Steve Jobs ★★★★

In more ways than one, Steve Jobs bucks the trends in contemporary popular feature film. It is not the film of Oscar-winning director Danny Boyle, and it is not scenery-chewing Oscar bait for its A-list stars; it is clearly writer Aaron Sorkin's film. Razor sharp dialogue is the driver of this piece, with all other elements seated comfortably in the back. And Sorkin has completely eschewed the tick-the-box approach that generally defines the biopic genre and instead commits to an even more traditional narrative structure - the three act play. Set backstage at three seminal computer launches (with Boyle rendering the 1984 Macintosh in 16mm, the 1988 NeXT in 35mm, and the 1998 iMac in digital), the vibe of Steve Jobs is closer to Birdman (2014) than the last tech-god blockbuster that Sorkin penned, The Social Network (2010).
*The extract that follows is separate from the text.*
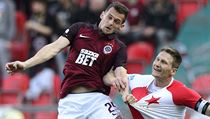 SK Slavia Praha - AC Sparta Praha. Zleva Mario Holek ze Sparty, Milan Škoda ze... | na serveru Lidovky.cz | aktuální zprávy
We already have an inevitably futile attempt at a comprehensive docudrama of Jobs' life, Jobs (2013); Sorkin is going for character study, which, in the precious little time afforded by this medium, requires less of a reverence for the facts and more of an imagining of the complexity of Jobs' essential humanity as a "closed system." The actors follow suit, with Michael Fassbender in particular choosing to channel, rather than imitate, the enigmatic figure (much like Anthony Hopkins in Nixon (1995)). Ostensibly, Sorkin drew from the authorized biography by Walter Isaacson; but there are only five characters with whom Jobs interacts in each of Sorkin's three acts, and none of them are his widow or the children they had together, which could be the real reason why Laurene Powell Jobs led a campaign to stifle production of the film. (Shame on you, Christian Bale and Leonardo Di Caprio.)

All in all, aside from a dip in energy in the third act and a score that can be a bit intrusive at points, this unconventionally theatrical take works remarkably well.